Enfim, em grande parte, as experiências
inovadoras desencadeadas pelos movimentos sociais rurais dos anos 80 foram
catapultadas à esfera das ações governamentais. Tal constatação não se confunde,
é certo, com cooptação das experiências, mas com o que podemos denominar de
“estatalização” dos movimentos sociais: um tipo
especifico de parceria que tende a institucionalizar os movimentos sociais numa
dimensão extremamente formal e oficial. O que merece destaque é a relação
direta entre lideranças de movimentos sociais e governos (e nem tanto entre
movimentos sociais e Estado), consolidando uma relação política e não
necessariamente uma nova institucionalidade pública. Nesses termos, o PRONAF
parece ser a referência mais direta e exitosa desta nova relação política, o que
se distancia do caráter emancipatório dessas políticas e ações
governamentais.
Com efeito, estudo recente a respeito do
PRONAF (SCHNEIDER, 2004) revela a pujança e caráter inovador deste programa. O PRONAF adotou quatro objetivos
centrais: a) adequar políticas setoriais à realidade da agricultura familiar; b)

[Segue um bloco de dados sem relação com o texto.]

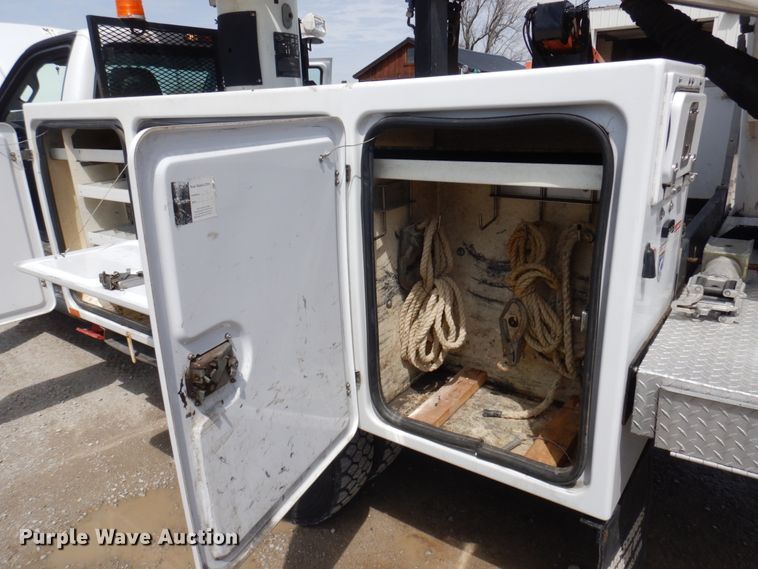 image for item DP5437 2013 Ford F550 Super Duty  bucket truck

viabilizar infraestrutura para este segmento social; c) elevar o
profissionalismo dos agricultores familiares e; d) estimular o acesso aos
mercados de insumos e produtos, operacionalizados a partir do financiamento da
produção, financiamento da infraestrutura, formação de profissionais e
financiamento da pesquisa e extensão rural
(SCNEIDER, CAZELLA & MATTEI, 2004:24). Uma importante investigação
sobre o funcionamento de CMDRS do Rio de Janeiro, Rio Grande do Sul e Paraíba
(MARQUES, 2004: 54) indica algumas características desses organismos de gestão
pública:
a) A
paridade na sua composição, entre representantes das comunidades rurais e
agentes governamentais, parece provocar disparidades na capacidade de tomada de
decisões dos CMDRS. Enquanto os primeiros participam como voluntários, os
segundos possuem condições materiais (incluindo salário) que lhes confere
mobilidade;
b)
Não é freqüente, como seria adequado, que o presidente dos CMDRS sejam
eleitos por seus pares;
c)
Não existe uma concepção nítida do que seria a estrutura mais adequada de
participação das comunidades rurais nos CMDRS. Em alguns casos, técnicos da
EMATER (extensão rural) entrevistados consideram que um número elevado de
conselheiros e representantes de cada comunidade dificulta a agilidade das
decisões;
d) A
composição dos CMDRS não é uniforme ao longo do país. Contudo, a presença dos
Sindicatos de Trabalhadores Rurais (STR) e de associações de agricultores
familiares (ou suas comunidades), é uma constante. Em alguns casos,
representações do empresariado são incorporadas aos conselhos (caso mais
freqüente no Rio Grande do Sul), assim como igrejas (caso mais freqüente na
Paraíba). Há registros de embates sociais para ingresso nos conselhos, como
vários casos envolvendo assentados rurais;
e) Os
CMDRS valorizam o saber prático, o que questiona, muitas vezes, o saber técnico
da representação governamental (em especial, dos técnicos presentes). Os embates
de ordem cultural são constantes. Não é raro extensionistas rurais selecionarem
conteúdos e formulações dos conselhos do que consideram ilusório ou irrealista
(MARQUES, 2004: 69). O despreparo de agentes das Secretarias Municipais de
Agricultura ou descaso de prefeitos limitam, muitas vezes, a capacidade política
dos conselhos (contudo, no Rio Grande do Sul, 57% dos presidentes dos CMDRS são
secretários da agricultura; na Paraíba, há registros de ingerência direta do
Poder Público local na definição de representantes das comunidades rurais como
conselheiros).
Uma outra esfera de atuação governamental
– as políticas agrárias – não mereceu a mesma atenção e lógica adotada pelo
PRONAF. Ao contrário, desde os anos 80, a reforma agrária foi deslizando da
agenda oficial dos partidos e das preocupações centrais da agenda estatal.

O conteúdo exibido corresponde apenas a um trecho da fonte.